Price had been stretched to her limit last time out against Nouchka Fontijn, edging out her Dutch rival on a wafer-thin split decision, but there was no such drama in Sunday afternoon’s final.
The 27-year-old from Wales was able to use her superior lateral movement to confound Li, getting in and and out of range at will and controlling the tempo throughout to claim a unanimous points win.
This was Britain’s 22nd and final gold of the Tokyo Games, cementing fourth spot in the medal table, while their six Olympic gongs in boxing is their best haul in 101 years.
Jason Kenny became the first Briton to win seven Olympic gold medals as he took a stunning victory in the men’s keirin final in Izu.
Kenny had complained of being out of form during the men’s sprint earlier this week but you would not have known it from the way in which he rode away from the field to win by a yawning gap of 0.763 seconds from Azizulhasni Awang of Malaysia.
It also makes Kenny the first Briton to win nine Olympic medals as he adds it to the team sprint silver he took on Tuesday alongside Jack Carlin and Ryan Owens.
“Seven gold medals is really special, when you look back on the ones you have already got it seems pretty easy,” Kenny said. “Then when you try and get more, you remember how hard it is.
“It is easy to forget the hard work that goes into it. I have been disappointed this week, I haven’t been as competitive as I wanted to be. But in the keirins you can race hard and ride your luck a little bit…
“Before today I had all but given up, I was counting my career in days and races as opposed to years, but maybe I have bought myself more time now.”
Kenya’s Eliud Kipchoge defended his Olympic marathon title on the final day of the Games.

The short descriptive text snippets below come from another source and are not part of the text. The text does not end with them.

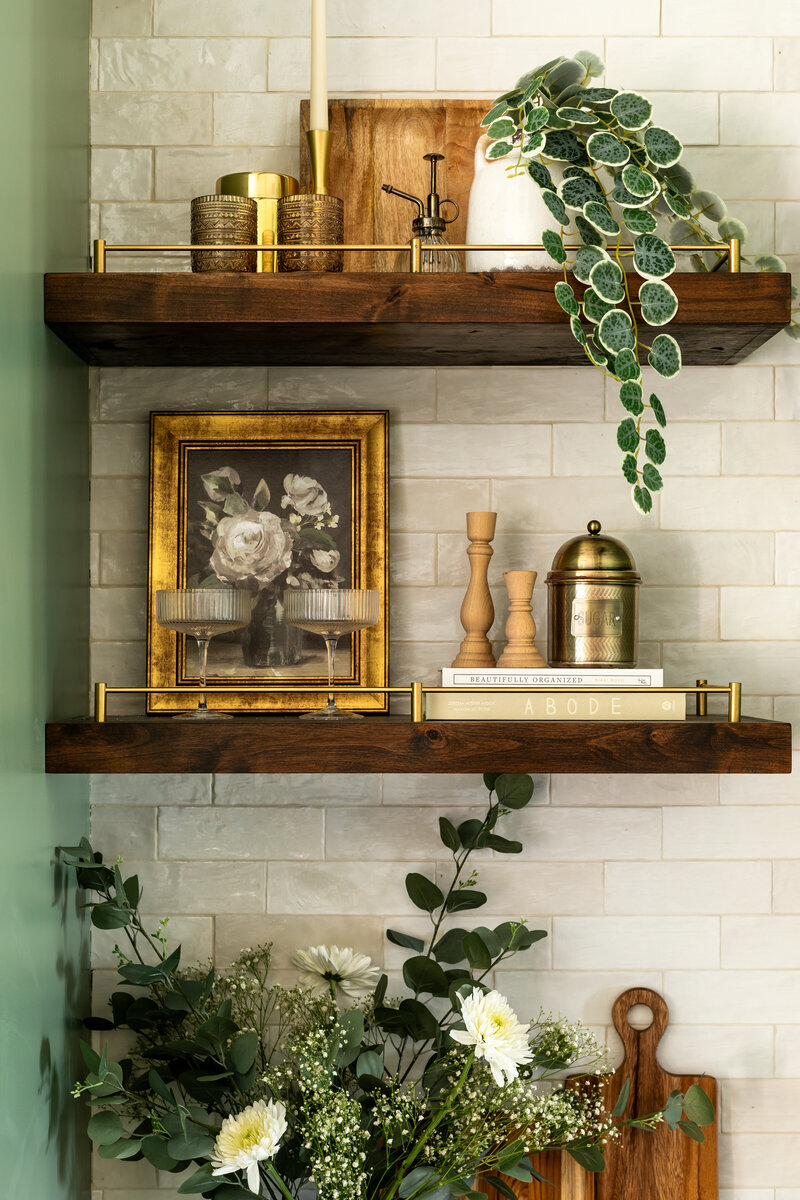 Custom built floating shelves in kitchen decorated with faux plants, glassware, frames, books and kitchen storage canisters.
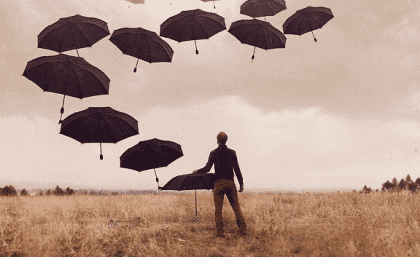 Mann mit Regenschirmen auf einem Feld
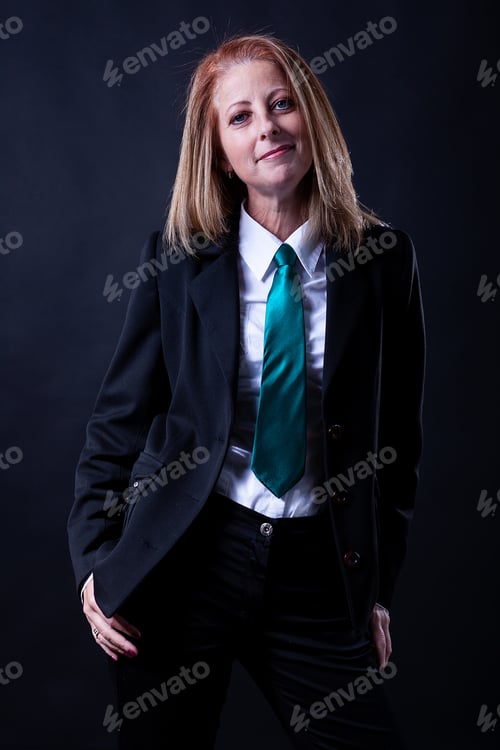 Preview: Woman Posing in Black Suit with Teal Tie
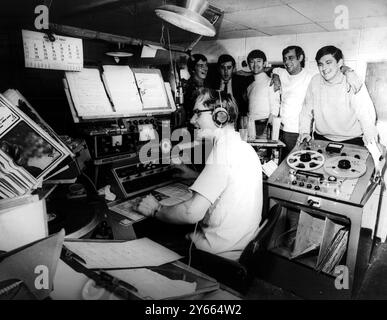 Disc jockeys of the pirate radio ship Radio Caroline North pictured in the studio of the vessel yesterday    Left to right in rear  Dee Harrison Don Allen Wally Mechan Madic Sloane Jimmy Gordon and Martin King is seated    Radio Caroline is anchored four miles off Ramsey Isle of Man and Mr Ronan O’Rahilly 27 the owner said the ship is there to stay 1967 Stock Photo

The world record holder ran two hours 08.38 minutes to claim victory in Sapporo and become only the third athlete to retain their marathon crown.
The Netherlands’ Abdi Nageeye claimed silver as he finished one minute and 20 seconds behind Kipchoge with Belgium’s Bashir Abdi third.
But 29 of the field were forced to pull out in the hot conditions, including Great Britain’s Callum Hawkins and Ben Connor.
GB team-mate Chris Thompson finished 54th in two hours 21.29 minutes.